The move is in part an attempt to play catch-up with California, which several years ago passed an initiative -- valued at $3 billion -- to support stem cell research.
Tom Still, head of Wisconsin Technology Council, says he's not surprised by the Massachusetts move.
"It just underscores fact that Wisconsin biotech is living in a very competitive world," said Still, who is in Boston for BIO 2007. The international convention, which has drawn more than 20,000 people and more than 200 from the Badger State, ends today.
"States such as Massachusetts, which are already biotech hubs, are investing even more to remain competitive," he said. "We can't afford to lose time or squabble too much because we will be left behind."

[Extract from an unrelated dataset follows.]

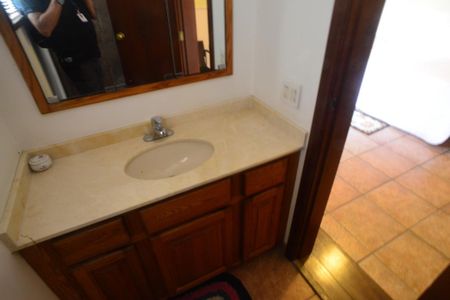 Casa de condomínio para alugar com 587m², 6 quartos e 3 vagas Casa de condomínio para alugar com 587m², 6 quartos e 3 vagasBanheiro do Quarto 2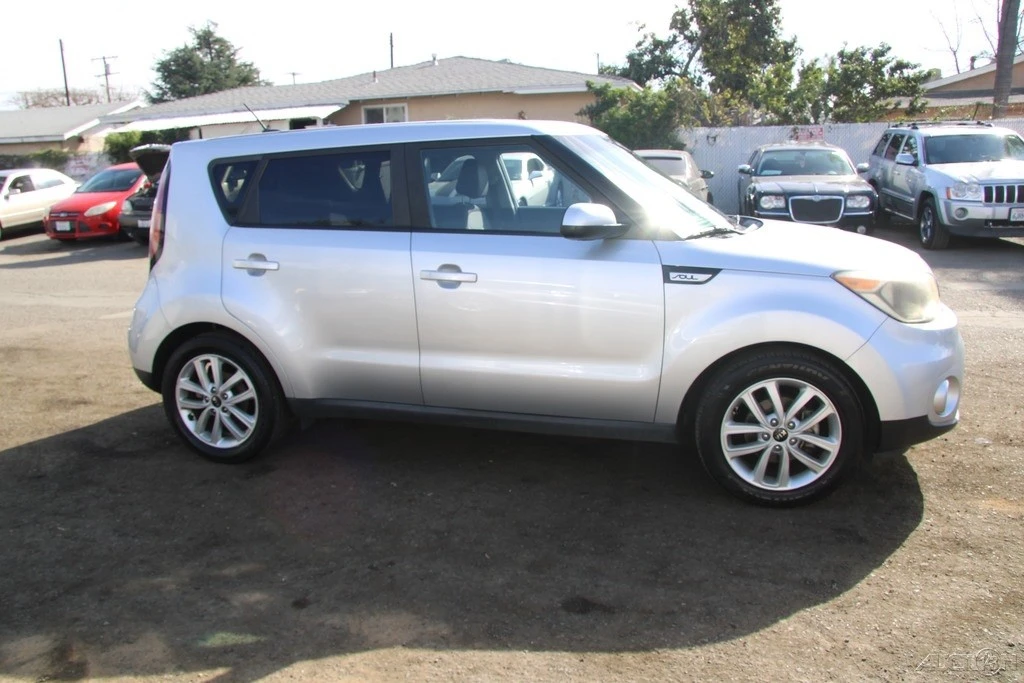 2018 Kia Soul - Image 7 of 21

Wisconsin plans to spend several hundred million dollars on the Institutes for Discovery on the UW-Madison campus. The first part of the project will break ground next year on the 1300 block of block of University Ave.
This half of the collaborative research facility will cost $150 million, which will be paid for in equal third by the state, WARF and UW-Madison grads John and Tashia Morgridge. The second portion has not yet been funded.
"Clearly, we can't spend $1 billion like Massachusetts or $3 billion like California," Still said. "But we must make sure we get it done. We have unique advantages that we do not want to see eroded."
Still noted that Massachusetts Gov. Deval Patrick, in a column in today's Boston Globe, cited Wisconsin as a reason for his proposed investment.
"Competitor states and foreign nations are investing billions to attract our researchers, institutions and industries. And the University of Wisconsin outspent both Harvard and MIT in research and development," Patrick wrote.
UW-Madison spent $765 million in R&D in fiscal 2004, while Harvard and MIT spent less than $500 million for the same year.
"It shows our efforts are being noticed," Still said. "Massachusetts is now such a big center for biotechnology. It really says something that they feel they need to step up their investment."